# Heros of Pymoli Code

In [None]:
#Import Dependencies
import pandas as pd
import csv
import numpy as np

#Load Data from CSV
file_to_load = "Resources/purchase_data.csv"

purchase_data_df = pd.read_csv(file_to_load)

In [None]:
purchase_data_df.head(6)

## Player Count

In [None]:
#Selecting Desired Columns For Source Dataframe (omitting repeat screen names)
number_of_players = purchase_data_df["SN"].nunique()

#Creating Dataframe
number_of_players_df = pd.DataFrame({"Total Players": [number_of_players]})
number_of_players_df

### Purchasing Analysis (Total)

In [None]:
#Selecting Desired Columns For Source Dataframe (ommitting repeat items)
number_of_items = len(purchase_data_df["Item Name"].unique())

#Selecting Column from Source Dataframe and computing mean price
average_item_price = purchase_data_df["Price"].mean()
 
#Finding number of total purchases
number_of_purchases = len(purchase_data_df)

#Finding sum of total purchases
total_revenue = purchase_data_df["Price"].sum()

#Creating Dataframe
purchase_summary_df = pd.DataFrame({"Number of Unique Items": [number_of_items],
                                   "Average Price": ["${0:,.2f}".format(average_item_price)],
                                   "Number of Purchases":[number_of_purchases],
                                   "Total Revenue": ["${0:,.2f}".format(total_revenue)]})
purchase_summary_df

## Gender Demographics

In [None]:
#Selecting Desired Columns For Source Dataframe 
gender_df = purchase_data_df[["SN","Gender"]]

#Removing Repeat Players
unique_gender_df = gender_df.drop_duplicates()

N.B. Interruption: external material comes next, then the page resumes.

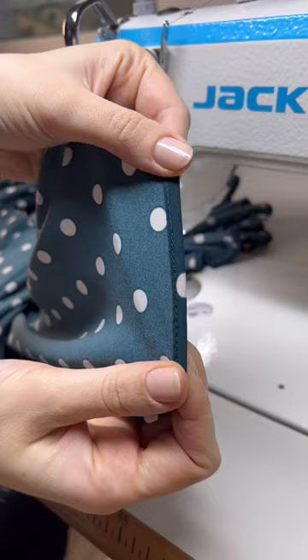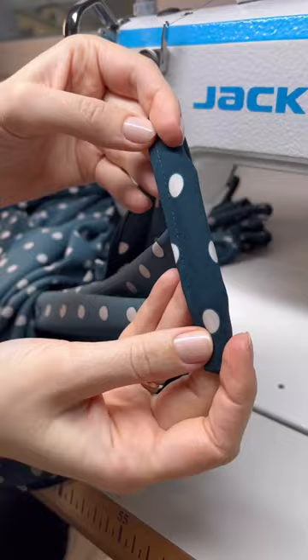Give your hem a good press, and this is how the finished hem looks. It's a very clean, durable finish that looks amazing on lightweight fabrics. I love using this finish on flowy dresses or skirts.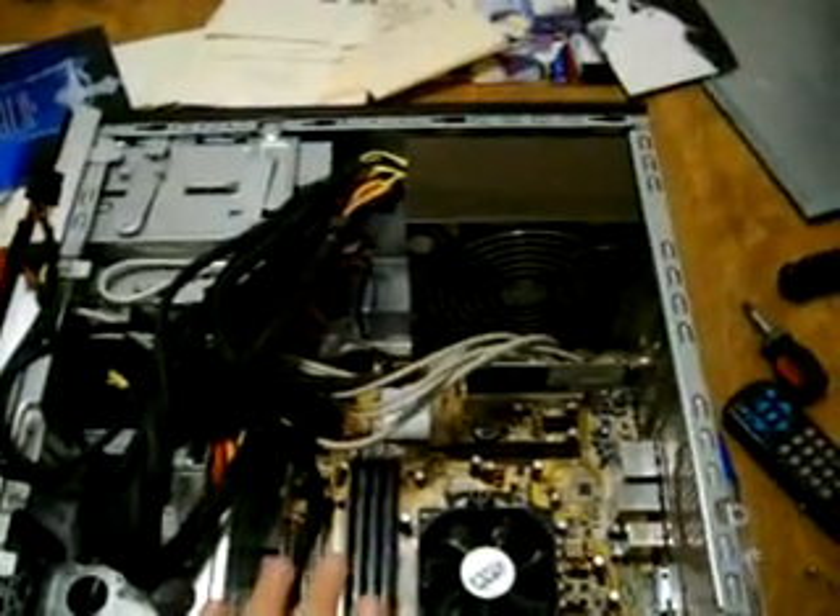Now comes the hard part: rewiring everything. Well, it's not really hard — it kind of can be annoying. I guess we should get started.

#Counting Males and Females
players_gender_df = pd.DataFrame(unique_gender_df["Gender"].value_counts())

#Calculating Percentage of Males and Females Out of Total Players
players_gender_df["Percentage of Players"] = (players_gender_df["Gender"]/unique_gender_df["Gender"].count()*100)

#Rename Column
players_gender_df = players_gender_df.rename(columns={"Gender":"Total Count"})

#Formatting
players_gender_df["Percentage of Players"] = players_gender_df["Percentage of Players"].map("{:.2f}%".format)
players_gender_df

## Purchasing Analysis (Gender)

In [None]:
#Selecting Desired Columns For Source Dataframe
gender_purchases_df = purchase_data_df[["SN","Gender","Price"]]

#Creating New Dataframes
total_purchase_gender = gender_purchases_df.groupby("Gender")

total_purchase_gender_df = pd.DataFrame(total_purchase_gender["Price"].sum())

total_purchase_count_gender_df = pd.DataFrame(total_purchase_gender["Price"].count())

average_purchase_price_gender_df = pd.DataFrame(total_purchase_gender["Price"].mean())

#Creating New Dataframe
player_purchase = gender_purchases_df.groupby("SN")
total_purchase_per_player_df = pd.DataFrame(player_purchase["Price"].sum())

#Merging Dataframe
total_purchase_per_player_df = pd.merge(total_purchase_per_player_df,unique_gender_df, on="SN")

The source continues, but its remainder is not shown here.